/---
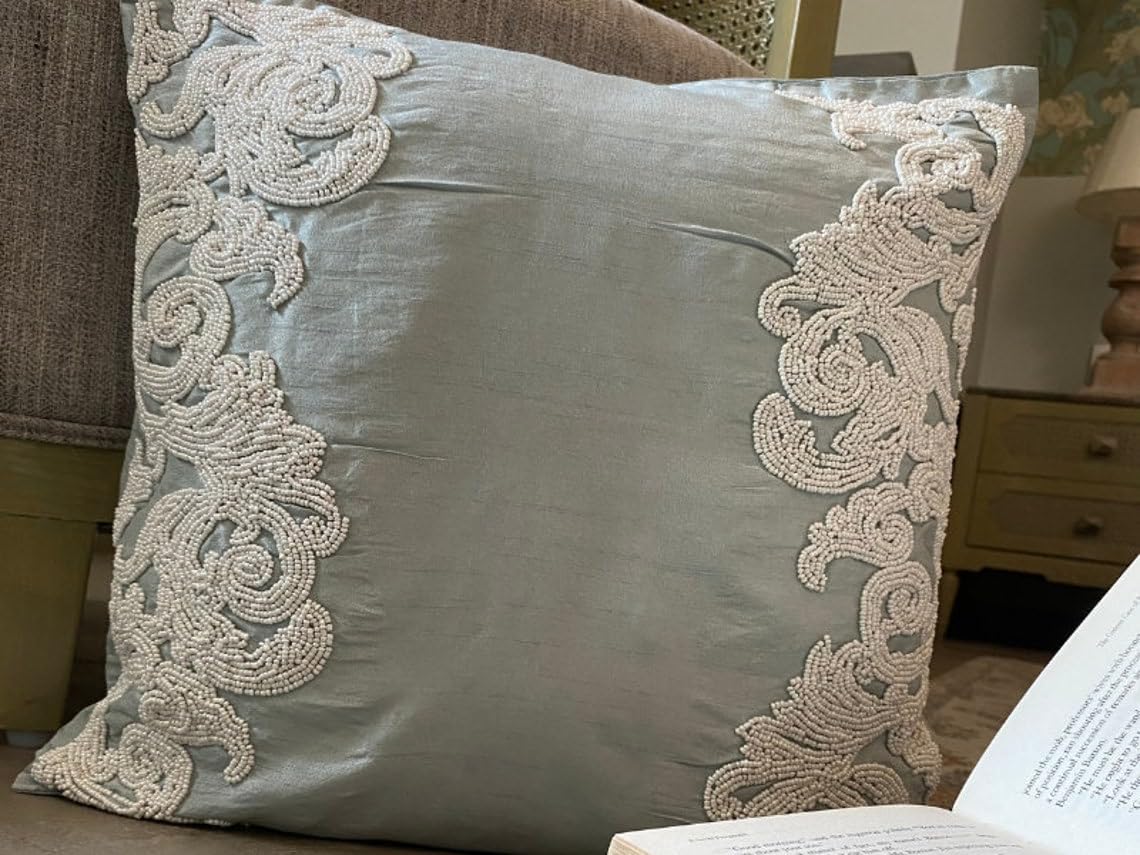 HomeCentric Light Blue Euro Size Pillow Shams Pack of 2 - 26x26 inch (65x65 cm) Silk Euro Shams with French Toile Floral Border Beaded Victorian European Sham Covers - White Waters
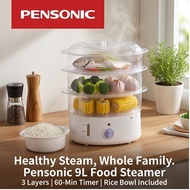 Pensonic 9L 3-Tier Food Steamer 800W 60-Min Timer Auto Shut-Off Rice Bowl PSM-1603
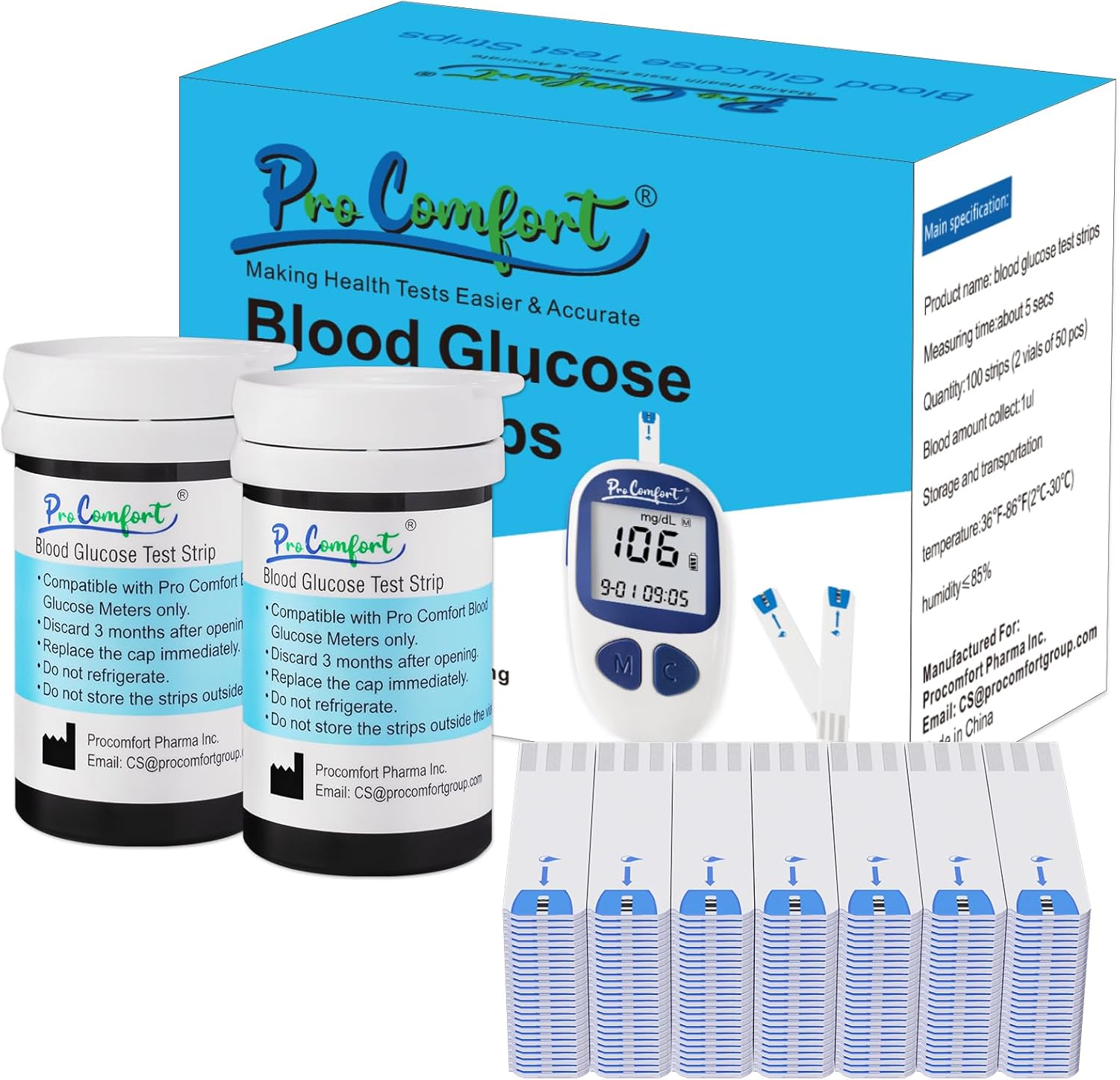 Blood Glucose Test Strips for Diabetes 100 Count Blood Sugar Test Strip, Used with Pro Comfort Glucose Monitor Only, No Coding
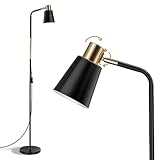 OUSFOT Stehlampe Wohnzimmer mit Höhe 146cm 230V E27 Max 40W Retro Stehleuchte mit Metall Lampenshirm Leselampe für Büro, Schlafzimmer (ohne Glühbirnen) Schwarz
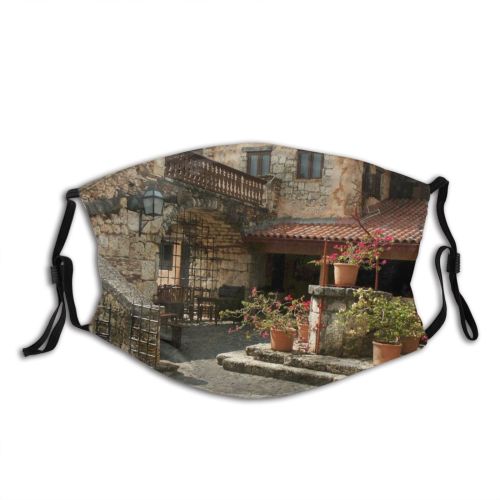 yanfind Neighbourhood Building Town Building Vacation Courtyard Village Architecture Home Estate Summer Property Dust Washable Reusable Filter and Reusable Mouth Warm Windproof Cotton Face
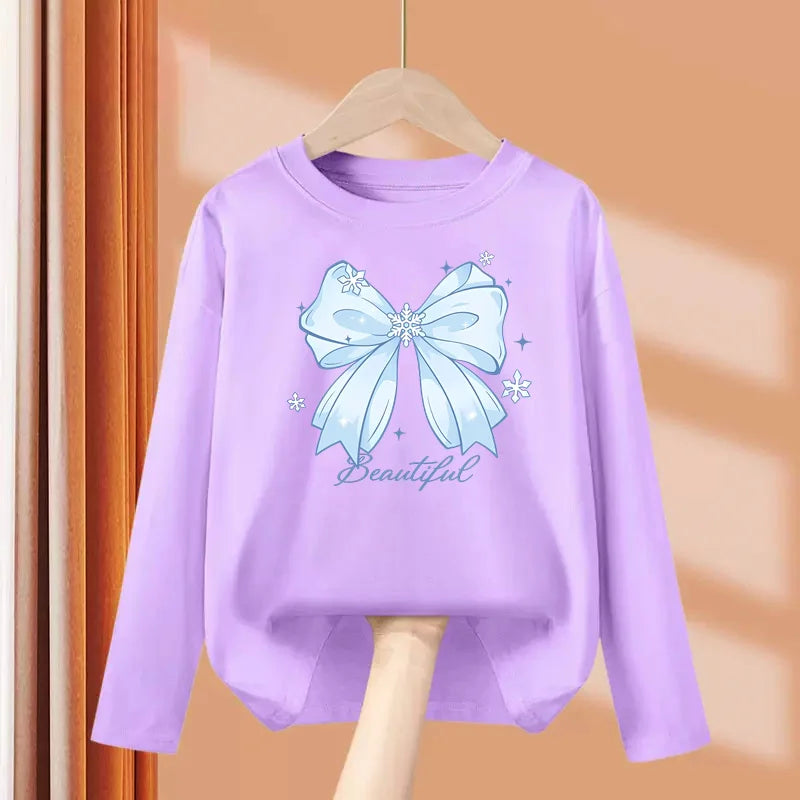 Girls Bow Long Sleeve T-Shirt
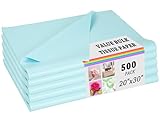 500 Sheets Light Blue Tissue Paper Bulk - Large 20 x 30 Inches Recyclable Wrapping Tissue Paper Bulk for Gift Bags Weddings Birthday Christmas Gift Wrapping DIY Project Crafts Decor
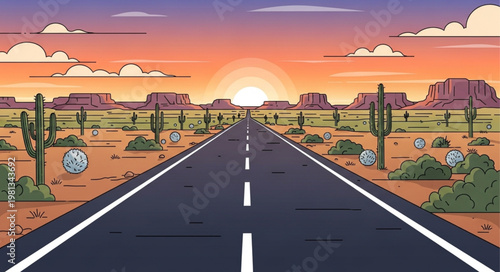 Desert Highway Sunset Landscape Illustration.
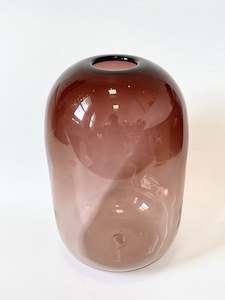 Oversize Handblown Glass Vase - Aubergine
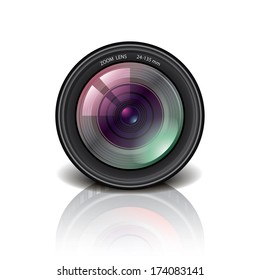 Camera lens icon isolated on white photo-realistic vector illustration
\---
Give the records again exactly as they stand, so that only the pictures are missing.

_Reply to the task_:
 HomeCentric Light Blue Euro Size Pillow Shams Pack of 2 - 26x26 inch (65x65 cm) Silk Euro Shams with French Toile Floral Border Beaded Victorian European Sham Covers - White Waters
 Pensonic 9L 3-Tier Food Steamer 800W 60-Min Timer Auto Shut-Off Rice Bowl PSM-1603
 Blood Glucose Test Strips for Diabetes 100 Count Blood Sugar Test Strip, Used with Pro Comfort Glucose Monitor Only, No Coding
 OUSFOT Stehlampe Wohnzimmer mit Höhe 146cm 230V E27 Max 40W Retro Stehleuchte mit Metall Lampenshirm Leselampe für Büro, Schlafzimmer (ohne Glühbirnen) Schwarz
 yanfind Neighbourhood Building Town Building Vacation Courtyard Village Architecture Home Estate Summer Property Dust Washable Reusable Filter and Reusable Mouth Warm Windproof Cotton Face
 Girls Bow Long Sleeve T-Shirt
 500 Sheets Light Blue Tissue Paper Bulk - Large 20 x 30 Inches Recyclable Wrapping Tissue Paper Bulk for Gift Bags Weddings Birthday Christmas Gift Wrapping DIY Project Crafts Decor
 Desert Highway Sunset Landscape Illustration.
 Oversize Handblown Glass Vase - Aubergine
 Camera lens icon isolated on white photo-realistic vector illustration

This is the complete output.